The lines to find are those in the entries that hold the word "Goose"; copy every one of them.

━━━━

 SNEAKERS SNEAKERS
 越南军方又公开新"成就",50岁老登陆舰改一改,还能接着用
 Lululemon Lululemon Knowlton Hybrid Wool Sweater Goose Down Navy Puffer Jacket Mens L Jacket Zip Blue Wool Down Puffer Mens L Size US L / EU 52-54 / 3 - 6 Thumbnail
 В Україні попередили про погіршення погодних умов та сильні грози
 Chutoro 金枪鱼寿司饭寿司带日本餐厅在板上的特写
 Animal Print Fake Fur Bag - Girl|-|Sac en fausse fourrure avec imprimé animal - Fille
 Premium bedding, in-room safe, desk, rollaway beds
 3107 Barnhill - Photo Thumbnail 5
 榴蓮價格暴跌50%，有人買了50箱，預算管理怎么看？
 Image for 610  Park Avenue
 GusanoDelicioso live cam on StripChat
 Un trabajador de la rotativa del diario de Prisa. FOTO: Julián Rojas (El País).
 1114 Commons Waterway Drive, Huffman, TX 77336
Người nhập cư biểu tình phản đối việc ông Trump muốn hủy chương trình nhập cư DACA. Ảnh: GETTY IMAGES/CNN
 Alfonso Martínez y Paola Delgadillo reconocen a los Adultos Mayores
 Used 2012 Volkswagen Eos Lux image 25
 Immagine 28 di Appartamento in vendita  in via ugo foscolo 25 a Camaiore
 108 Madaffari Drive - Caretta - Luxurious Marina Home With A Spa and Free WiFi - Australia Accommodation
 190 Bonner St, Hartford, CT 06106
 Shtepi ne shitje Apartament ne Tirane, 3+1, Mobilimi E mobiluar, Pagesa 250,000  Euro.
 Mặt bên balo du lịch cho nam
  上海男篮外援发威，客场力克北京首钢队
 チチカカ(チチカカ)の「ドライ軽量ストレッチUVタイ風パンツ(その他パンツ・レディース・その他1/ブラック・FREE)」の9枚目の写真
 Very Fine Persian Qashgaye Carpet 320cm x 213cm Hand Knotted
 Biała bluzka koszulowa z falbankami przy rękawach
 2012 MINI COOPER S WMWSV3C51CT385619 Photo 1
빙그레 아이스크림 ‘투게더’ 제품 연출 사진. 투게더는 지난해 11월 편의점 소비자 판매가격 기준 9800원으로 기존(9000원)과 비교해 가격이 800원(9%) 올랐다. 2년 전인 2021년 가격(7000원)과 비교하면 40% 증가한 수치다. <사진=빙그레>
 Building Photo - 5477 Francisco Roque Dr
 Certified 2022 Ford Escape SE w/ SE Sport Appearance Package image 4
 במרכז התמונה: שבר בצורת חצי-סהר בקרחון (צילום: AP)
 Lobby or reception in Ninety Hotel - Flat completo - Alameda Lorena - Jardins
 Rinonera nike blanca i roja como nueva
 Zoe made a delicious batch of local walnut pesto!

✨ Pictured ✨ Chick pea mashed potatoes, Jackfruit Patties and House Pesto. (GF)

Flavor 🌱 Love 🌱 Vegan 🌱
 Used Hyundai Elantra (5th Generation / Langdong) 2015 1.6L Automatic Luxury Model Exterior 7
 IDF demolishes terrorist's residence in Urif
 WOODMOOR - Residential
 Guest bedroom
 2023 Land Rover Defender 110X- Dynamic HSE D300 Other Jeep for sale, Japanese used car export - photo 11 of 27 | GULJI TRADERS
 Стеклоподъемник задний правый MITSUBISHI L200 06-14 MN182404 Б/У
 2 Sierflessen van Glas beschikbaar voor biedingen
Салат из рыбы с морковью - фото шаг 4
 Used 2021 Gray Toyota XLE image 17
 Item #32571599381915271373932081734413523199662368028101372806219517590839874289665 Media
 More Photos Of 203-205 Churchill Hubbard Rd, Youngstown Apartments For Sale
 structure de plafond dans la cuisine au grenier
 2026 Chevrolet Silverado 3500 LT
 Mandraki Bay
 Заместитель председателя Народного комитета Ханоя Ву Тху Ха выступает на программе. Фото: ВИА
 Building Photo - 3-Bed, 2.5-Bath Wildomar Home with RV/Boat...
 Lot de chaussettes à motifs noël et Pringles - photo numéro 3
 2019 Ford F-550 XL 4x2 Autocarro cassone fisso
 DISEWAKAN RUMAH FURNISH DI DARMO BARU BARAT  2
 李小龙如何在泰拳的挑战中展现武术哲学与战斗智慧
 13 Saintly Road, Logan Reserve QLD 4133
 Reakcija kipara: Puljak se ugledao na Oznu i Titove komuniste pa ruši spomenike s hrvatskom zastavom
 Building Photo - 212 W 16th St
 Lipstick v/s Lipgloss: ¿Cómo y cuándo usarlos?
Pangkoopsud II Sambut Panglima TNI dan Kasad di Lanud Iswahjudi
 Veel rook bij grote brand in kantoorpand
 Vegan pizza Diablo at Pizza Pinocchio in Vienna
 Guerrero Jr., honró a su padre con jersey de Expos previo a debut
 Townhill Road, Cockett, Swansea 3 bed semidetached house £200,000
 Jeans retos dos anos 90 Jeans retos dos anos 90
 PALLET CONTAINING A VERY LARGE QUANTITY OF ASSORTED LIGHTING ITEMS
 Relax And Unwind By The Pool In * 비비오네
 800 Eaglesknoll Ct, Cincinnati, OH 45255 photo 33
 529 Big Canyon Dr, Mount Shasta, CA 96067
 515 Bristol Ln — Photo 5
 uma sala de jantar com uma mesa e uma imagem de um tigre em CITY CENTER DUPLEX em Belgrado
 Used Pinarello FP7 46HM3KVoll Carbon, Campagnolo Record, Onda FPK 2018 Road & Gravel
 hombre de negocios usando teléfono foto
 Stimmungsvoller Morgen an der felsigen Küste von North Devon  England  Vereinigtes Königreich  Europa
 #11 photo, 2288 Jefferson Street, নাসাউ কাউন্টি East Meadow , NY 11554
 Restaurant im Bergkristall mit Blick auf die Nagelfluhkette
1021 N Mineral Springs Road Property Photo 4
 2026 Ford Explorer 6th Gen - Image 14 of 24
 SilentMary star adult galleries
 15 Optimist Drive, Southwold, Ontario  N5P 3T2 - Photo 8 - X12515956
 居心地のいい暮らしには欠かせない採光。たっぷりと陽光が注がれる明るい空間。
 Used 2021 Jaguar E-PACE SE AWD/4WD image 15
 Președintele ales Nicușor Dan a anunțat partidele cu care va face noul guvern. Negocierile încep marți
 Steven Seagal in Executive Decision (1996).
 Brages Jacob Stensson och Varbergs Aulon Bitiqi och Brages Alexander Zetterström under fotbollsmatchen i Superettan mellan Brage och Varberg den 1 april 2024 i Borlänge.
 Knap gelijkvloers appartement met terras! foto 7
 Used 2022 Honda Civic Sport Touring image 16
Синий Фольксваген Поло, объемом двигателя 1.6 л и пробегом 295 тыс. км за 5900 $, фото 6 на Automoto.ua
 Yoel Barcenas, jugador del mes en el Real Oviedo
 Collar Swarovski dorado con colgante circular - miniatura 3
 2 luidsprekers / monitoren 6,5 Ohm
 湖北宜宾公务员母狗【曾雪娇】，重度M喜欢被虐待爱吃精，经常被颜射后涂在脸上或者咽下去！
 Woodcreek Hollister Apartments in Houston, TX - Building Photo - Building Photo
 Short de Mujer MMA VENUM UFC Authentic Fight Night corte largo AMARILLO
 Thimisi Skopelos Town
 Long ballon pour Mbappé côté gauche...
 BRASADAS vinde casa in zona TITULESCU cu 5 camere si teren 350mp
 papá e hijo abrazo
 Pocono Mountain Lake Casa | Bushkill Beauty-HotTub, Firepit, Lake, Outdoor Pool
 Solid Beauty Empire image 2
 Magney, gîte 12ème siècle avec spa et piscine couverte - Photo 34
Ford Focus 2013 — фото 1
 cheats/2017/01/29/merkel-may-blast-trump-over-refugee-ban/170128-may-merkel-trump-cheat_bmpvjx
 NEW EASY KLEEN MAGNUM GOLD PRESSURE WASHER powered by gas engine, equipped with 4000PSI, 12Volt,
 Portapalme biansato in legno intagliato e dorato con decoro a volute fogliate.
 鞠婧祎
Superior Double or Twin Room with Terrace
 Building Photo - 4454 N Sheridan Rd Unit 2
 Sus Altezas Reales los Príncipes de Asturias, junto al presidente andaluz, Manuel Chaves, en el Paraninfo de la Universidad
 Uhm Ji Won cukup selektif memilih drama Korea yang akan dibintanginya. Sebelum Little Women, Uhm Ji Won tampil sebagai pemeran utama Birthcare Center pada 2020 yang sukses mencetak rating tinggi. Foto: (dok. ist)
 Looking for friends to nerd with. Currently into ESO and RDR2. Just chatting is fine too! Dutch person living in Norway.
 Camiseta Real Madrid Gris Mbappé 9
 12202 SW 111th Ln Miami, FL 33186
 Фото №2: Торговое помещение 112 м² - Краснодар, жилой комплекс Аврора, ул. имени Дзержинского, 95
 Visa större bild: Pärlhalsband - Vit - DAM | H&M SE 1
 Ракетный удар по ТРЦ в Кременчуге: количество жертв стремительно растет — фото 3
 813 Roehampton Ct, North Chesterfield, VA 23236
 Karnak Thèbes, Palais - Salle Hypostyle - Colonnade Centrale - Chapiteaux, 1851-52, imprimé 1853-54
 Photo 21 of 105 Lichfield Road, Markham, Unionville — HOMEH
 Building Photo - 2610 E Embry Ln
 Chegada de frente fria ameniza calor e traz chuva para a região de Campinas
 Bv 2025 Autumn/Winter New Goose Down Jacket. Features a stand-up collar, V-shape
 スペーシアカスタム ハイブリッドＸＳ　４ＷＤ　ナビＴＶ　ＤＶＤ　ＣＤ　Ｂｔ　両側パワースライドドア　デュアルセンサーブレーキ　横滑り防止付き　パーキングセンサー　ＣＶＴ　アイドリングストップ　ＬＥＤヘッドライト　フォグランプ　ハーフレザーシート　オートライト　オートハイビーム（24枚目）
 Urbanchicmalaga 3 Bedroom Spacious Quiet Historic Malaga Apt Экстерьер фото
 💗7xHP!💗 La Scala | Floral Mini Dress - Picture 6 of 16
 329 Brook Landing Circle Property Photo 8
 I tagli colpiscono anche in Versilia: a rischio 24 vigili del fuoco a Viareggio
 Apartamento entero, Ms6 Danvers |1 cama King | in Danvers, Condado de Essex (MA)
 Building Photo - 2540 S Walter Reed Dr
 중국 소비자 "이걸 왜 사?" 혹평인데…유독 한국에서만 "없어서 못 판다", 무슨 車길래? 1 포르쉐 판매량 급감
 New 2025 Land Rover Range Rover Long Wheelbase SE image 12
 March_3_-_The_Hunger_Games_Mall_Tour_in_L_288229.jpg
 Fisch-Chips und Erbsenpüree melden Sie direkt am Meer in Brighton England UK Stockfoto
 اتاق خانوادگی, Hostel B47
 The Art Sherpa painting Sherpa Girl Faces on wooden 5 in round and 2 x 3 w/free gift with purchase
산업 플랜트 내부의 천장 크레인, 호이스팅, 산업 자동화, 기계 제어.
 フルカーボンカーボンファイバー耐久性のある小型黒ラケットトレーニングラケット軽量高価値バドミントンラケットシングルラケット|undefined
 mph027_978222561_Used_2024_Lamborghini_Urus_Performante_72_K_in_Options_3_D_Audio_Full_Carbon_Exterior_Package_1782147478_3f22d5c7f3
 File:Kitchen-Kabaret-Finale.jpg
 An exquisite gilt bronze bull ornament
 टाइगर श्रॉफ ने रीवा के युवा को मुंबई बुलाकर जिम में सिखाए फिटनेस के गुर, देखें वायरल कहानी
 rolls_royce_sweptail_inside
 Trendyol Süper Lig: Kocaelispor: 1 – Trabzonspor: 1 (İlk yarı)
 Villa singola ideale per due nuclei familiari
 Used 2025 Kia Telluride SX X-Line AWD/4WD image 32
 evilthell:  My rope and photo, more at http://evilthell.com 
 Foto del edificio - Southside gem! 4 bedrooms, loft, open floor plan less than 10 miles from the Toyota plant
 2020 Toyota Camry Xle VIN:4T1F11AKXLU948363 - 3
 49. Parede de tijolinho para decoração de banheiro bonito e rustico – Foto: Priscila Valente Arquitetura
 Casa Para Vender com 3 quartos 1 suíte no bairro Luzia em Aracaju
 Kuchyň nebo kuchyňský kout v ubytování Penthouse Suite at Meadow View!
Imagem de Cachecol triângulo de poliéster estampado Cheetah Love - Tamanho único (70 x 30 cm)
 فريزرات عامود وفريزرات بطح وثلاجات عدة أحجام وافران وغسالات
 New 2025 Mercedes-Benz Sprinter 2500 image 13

━━━━

| Output of the exercise |
 Lululemon Lululemon Knowlton Hybrid Wool Sweater Goose Down Navy Puffer Jacket Mens L Jacket Zip Blue Wool Down Puffer Mens L Size US L / EU 52-54 / 3 - 6 Thumbnail
 Bv 2025 Autumn/Winter New Goose Down Jacket. Features a stand-up collar, V-shape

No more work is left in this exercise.